Our sad history on climate change policy says this will be like climbing a mountain, but Steggall has climbed mountains before. Though born in Manly, where she has lived for many years, she spent most of her childhood with her family in the French Alps, where she learned to ski exceptionally well.

It was a privileged upbringing, but that’s not the whole story. In 1999 she was world’s best in the slalom, a sport virtually unknown in her own country, and she remains the only Australian to win any world title in alpine skiing. Talent and luck no doubt played a part, but so did grit and effort.

Another thing she learned from skiing was a deep love of the alpine environment and an awareness of the rhythms of weather and climate. It was a given that her campaign would focus on climate change and Abbott’s well-known denial of its human cause.

Steggall won Warringah, held by the Liberal party and its predecessors since it was created nearly a century ago, with more first-preference votes than Abbott himself. Her final winning margin was over 14 per cent, a fact not lost on other inner-city Liberal MPs like Trent Zimmerman.

Nine months into her term Steggall has managed to draft framework climate legislation mandating processes for targets, actions and reporting, including binding legal commitments to the 2015 Paris Agreement and to a 2050 target of net zero emissions.

The bill’s centrepiece is an independent Climate Change Commission, whose role Steggall described as “to assess risks, advise Parliament and monitor climate change actions and impacts.” Like the UK committee on which it is modelled, it would be at arm’s length from government.

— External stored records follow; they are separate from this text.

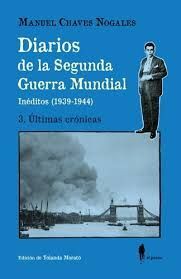 DIARIO DE LA SEGUNDA GUERRA MUNDIAL (INÈDITOS 1939-1944)
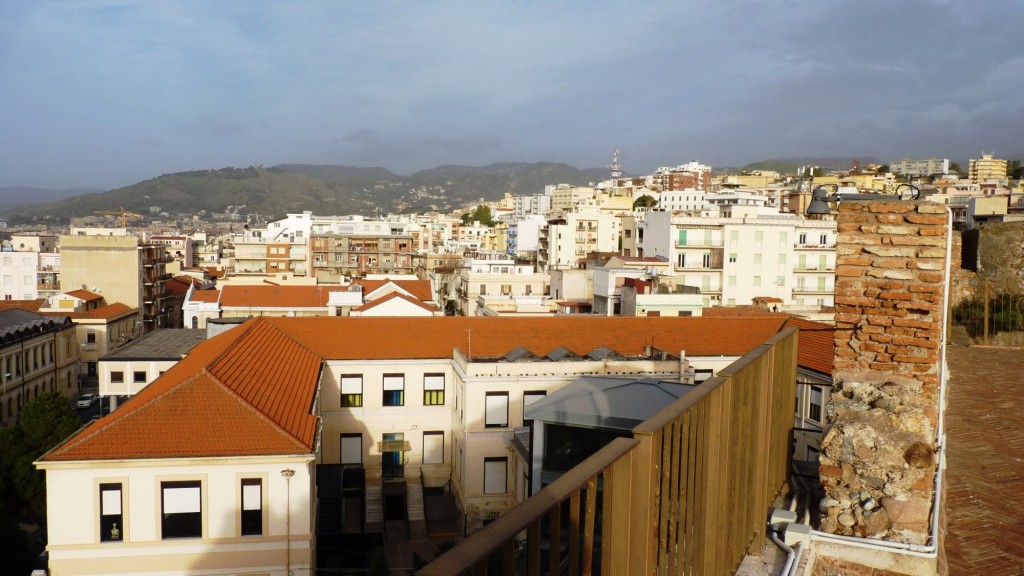 Foto: Vista desde el Castello Aragonese - Reggio Calabria (Calabria), Italia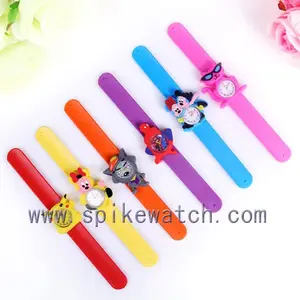 Jam Tangan Slap Anak Silikon Slap Strap Jam Anak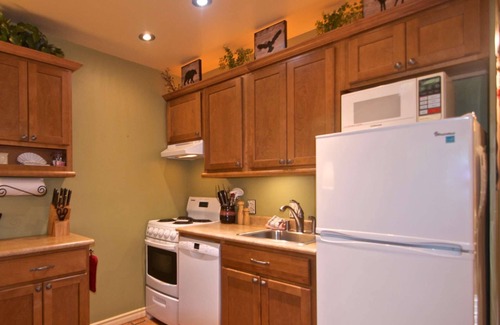 Whistler Creekside House | Well cared for townhouse- FREE parking, new Queen comfortable bed, new sofa-bed, spacious bedroom,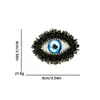 Serie Ojo de Perlas Bordado de Perlas Ojo del Diablo Parche Aplicación para Zapatos, Sombreros, Accesorios, Accesorios de Ropa, Parche Aplicación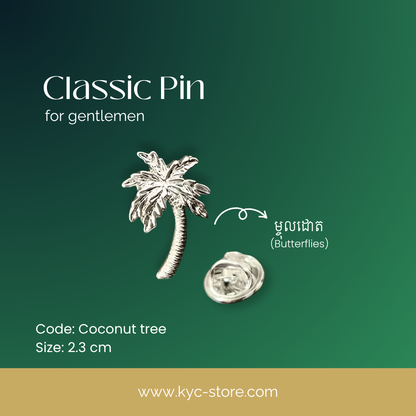 Classic Pin - Man (កន្លាស់បុរស)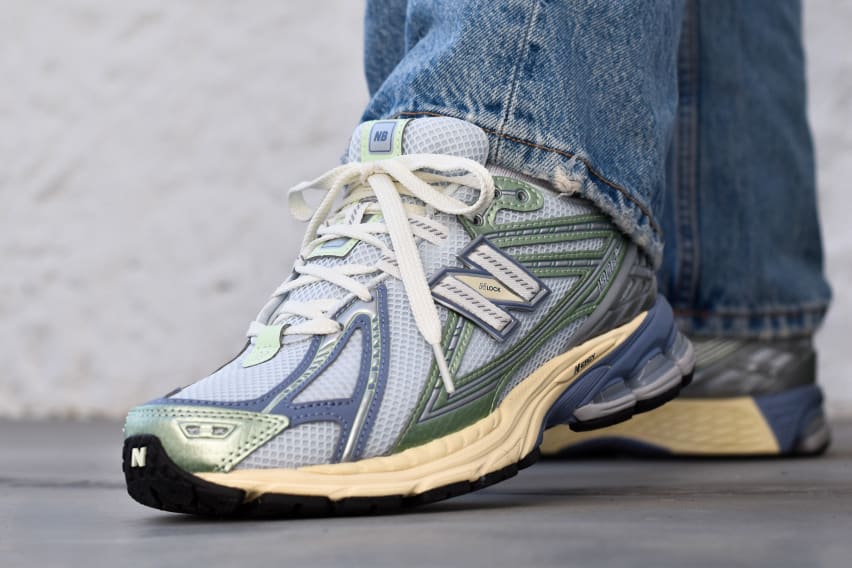 New Balance 1906R Ice Blue Melon Water - Image 4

Scientific, economic and administrative expertise would be well represented in the commission, which would be tasked with reviewing climate changes including water availability, plant cover and air quality, and assessing risks each year, taking in international climate and trade policies.

The proposed legislation would lay down principles for Australia’s international engagement on climate. It would provide for five-year emissions budgets and plans to be set in advance, with safeguards to ensure the pathway to the long-term target is both achievable and equitable.

It would also require government to set five-year national and regional adaptation plans, taking in nominated sectors such as agriculture, biodiversity, health, energy, transport, education, planning and infrastructure.

“A large and growing majority of Australians”, says Steggall, expect their government to abandon “fear mongering and misinformation” and plan for Australia to become a low carbon economy drawing on “our enormous natural, human and financial wealth.”

Some inner-metropolitan Liberals like Zimmerman are wondering aloud whether they should agree, but the broad Coalition view, expressed by Nationals leader Michael McCormack on Sunday, is that coal jobs and export income are more important than the science telling us that global emissions must fall to net zero by 2050, preferably much earlier.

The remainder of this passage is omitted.